One of the biggest challenges for an SEO always revolves around value, whether it’s how to show a client the value of the work done or how to extract valuable insights from our data. In today’s post, we’re going to look at how to get a little better at the second point.

Google Search Console allows us to easily download the list of URLs that bring the most clicks to our page. Now, what do we do with this data? As we have been seeing for a few months now, at puntorojo we like to extract as many insights as possible from our data. An insight is any information that allows us to make a decision.

Let’s start!

  1. Map the site to be analyzed: This time we are going to use a mix of tools to be able to see which theme is central to the blogs from Ahrefs, Semrush, and Moz. To achieve this, we have to start mapping the blogs with some crawler (in this example we are going to use ScreamingFrog).
  2. Filter by URL type: Once we have the list of URLs, we are going to filter everything that is a page to make sure that no other type of content is lifted (e.g. image URLs).
  3. Filter by subdirectory: The next step is to filter the URLs to show only those that are from the blog. A simple way to do this is with the top right filter.                                Advanced tip: you can filter by regular expressions and not only text strings.
  4. Pull up URLs that return 200: Now we are going to sort the results by response code. Since we are going to work with URL slugs, we don’t want to pollute our analysis with old URLs.
    For example, there is a slug that changed from “how-to-build-links-with-guest-articles” to “guest-blogging”. This indicates an optimization due to a strategy (or change of strategy) since they went from focusing on the keyword guest articles to the keyword guest blogging. As we are interested in the current strategy, we are not going to look at the discarded URL but at the final URL after the redirect.
  5. Save the URLs: In Google Sheets we are going to dump all URLs that return 200.
  6. Filter by URLs that redirect: Since we also want to know the URLs that were modified, inside the Response Codes tab, we filter by the blog pages that redirect.
  7. Save the redirection URLs: As in step 5, we are going to save the URLs that interest us in the same Google Sheets, but now we are going to look at the Redirect URL column since this is the one that indicates the page that is displayed after the redirection is executed.
  8. Remove repeated URLs: Once in Google Sheets, we will remove the URLs that are repeated using the late functionality of Remove duplicates in the Data menu.

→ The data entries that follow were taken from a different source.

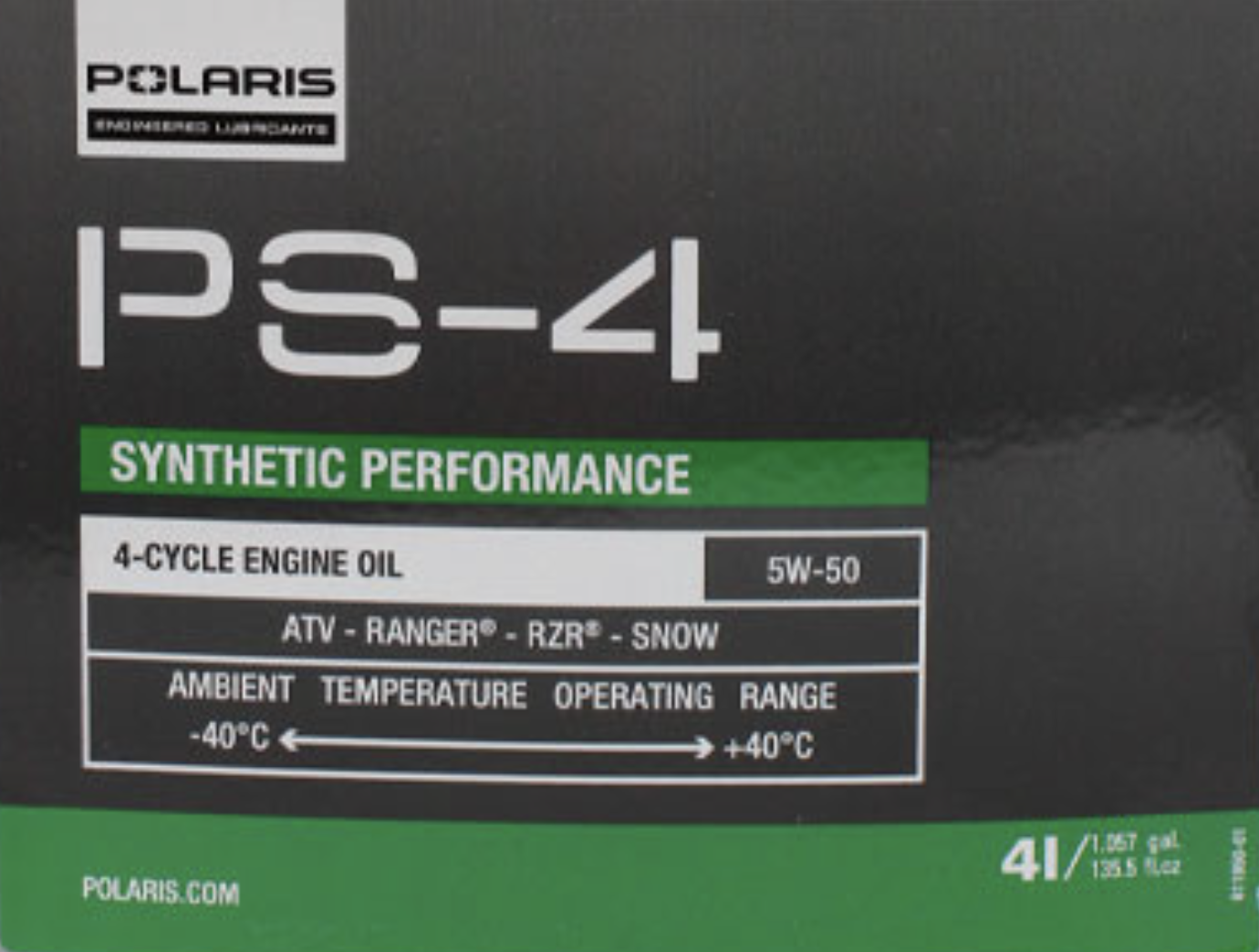 Olej Polaris PS-4 5W50 4L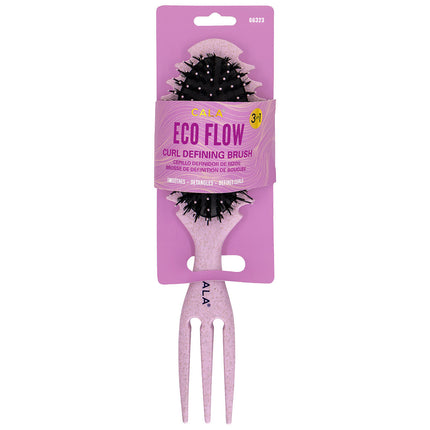 Cala 3-In-1 Degtangling Hair Brush: Pink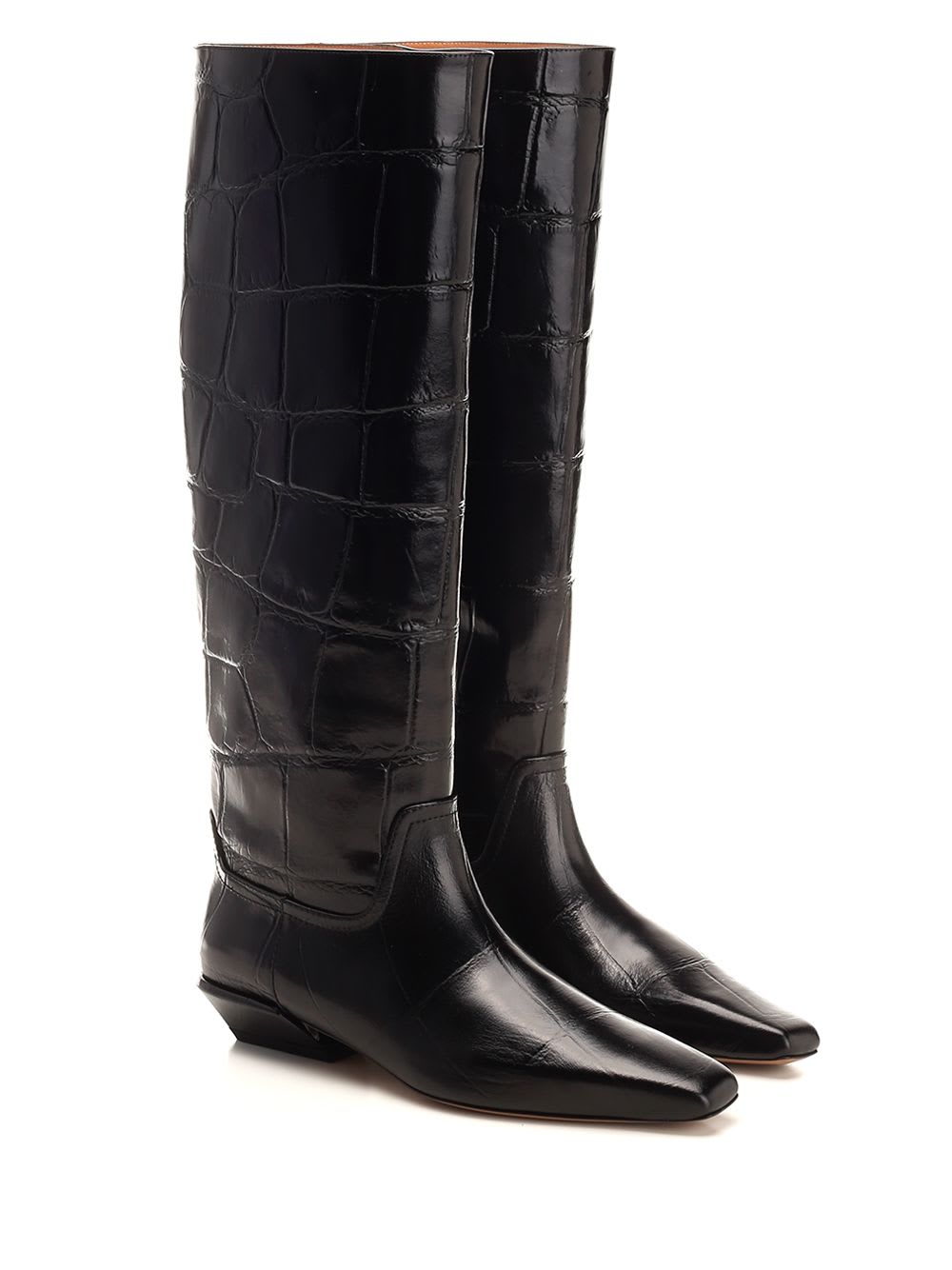 Shop Paris Texas Bettina High Boots In Black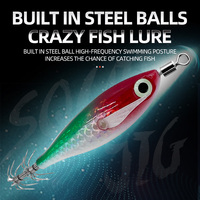 Horizontal Squid Jigs Simulation Lumineuse Squid Jig Hook Octopus Seiche Appâts De Pêche En Mer Matériel De Pêche 3D Eye Leurres De Pêche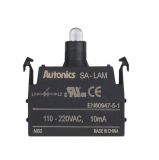 Indicator lamp LED, SA-LAM, 110~230VАC, 10mА, white, AUTONICS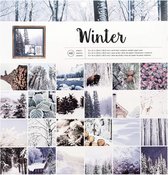 American Crafts paper pad 30,5x30,5cm x48 photo real winter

9. Remove irrelevant URLs: There are likely to be URLs that we don’t want in the listing such as blog home, paginations, author URLs, posts in other languages, and URLs that redirect and now point to external sites, etc. Clean these URLs manually or via a Sheets function if you find a repeating pattern.

Note: In this case, we are going to remove category URLs since we are interested in building our categorization and not necessarily sticking to the one selected by the blog creators. For example, the category “technical SEO” is too broad and we will want to segment it as “page speed, machine learning, IT, etc.).

10. Repeat with other benchmarks: Once our list is ready, we are going to do the same with all our competitors. In the Sheets spreadsheet, we are going to add a column that shows the name of the site we are benchmarking so we can then plot it in different series.

11. Write categorization UDF: To automatically categorize the information we extracted, we are going to use the Google Sheets script editor to create a UDF (user-defined function).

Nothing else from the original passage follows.